I thought the long-running argument on this thread was in regards to the appropriateness of using a method identified with one approach when analyzing value in another approach?
I brought up several examples where I thought it would be useful:
A. When the market reacts to cost, make the adjustment based on cost in the SCA.
B. When the market reacts to income differences, make the adjustment based on the income difference in the SCA.
I can understand "extracting" an adjustment in the SCA; I can extract an adjustment and not know why the market reacts that way. That happens. The example I used was "appeal"; what may be in favor today can be out of favor tomorrow. Other than matching "like for like" in design, I can't think of a sound way to drill any deeper as to why the market reacts as it does between two styles of design that have similar functional utility.
But in those cases where I can drill deeper, I would want to do so.
If I can correlate income or cost with market reaction to a component of value, then I'm going to use that correlation to consider my market adjustment. And I'm going to cite that correlation as support (basis) for making that adjustment. Wouldn't that give the appraiser (and the user) a higher confidence level about the adjustment being made?
I said before that I think this analysis is extremely useful in justifying when an adjustment is not warranted.
Again, back to a fourplex: Our subject's location appears superior to Comparable A. However, we can determine that superior locations command higher rents. We compare our subject's market rent to that of Comparable A and find no rental difference. Is a location adjustment warranted?
Without analyzing the income, one might make a qualitative argument that a location adjustment is warranted; but
in fact the quality of the location that is perceived by the appraiser
is not recognized in the market as a value premium.
With analyzing the income, one can make a quantitative argument that that there is no location adjustment warranted. And the decision is supported by market evidence that no premium is awarded.

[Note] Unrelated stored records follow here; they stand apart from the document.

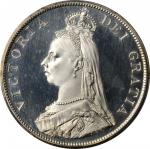 GREAT BRITAIN. Double Florin, 1887. Victoria. PCGS PROOF-64 Deep Cameo Gold Shield.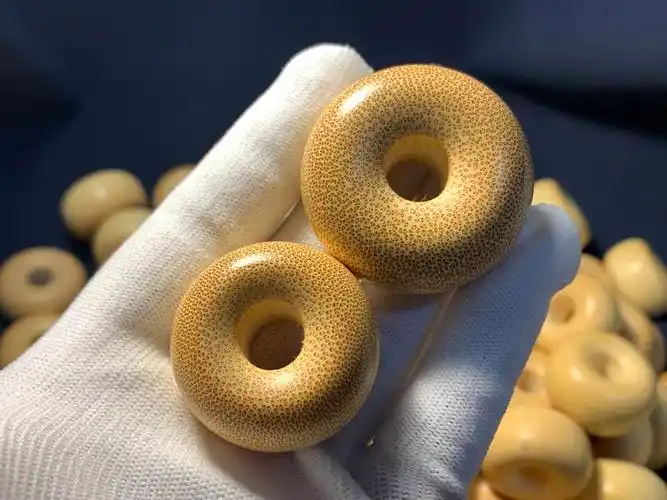 盘道老料实心玉竹金丝竹面包圈墩子文玩配饰平安扣手把件吊坠竹雕尺寸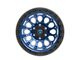 Fittipaldi Offroad FT101 Satin Blue with Black Ring 6-Lug Wheel; 17x9; -12mm Offset (19-23 Ranger)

It doesn't take a giant leap to see that if such an analysis is useful in
disproving adjustments, it can also be useful in
proving adjustments.
My valuation toolbox has a number of different tools. I don't have it partitioned as
SCA,
CA and
IA where using one precludes the use of the others. They are all grouped as
Value Analysis tools and I use the one(s) that best analyze the specific valuation problem.
Nothing misleading, being lazy or fraudulent about it. Not a short cut.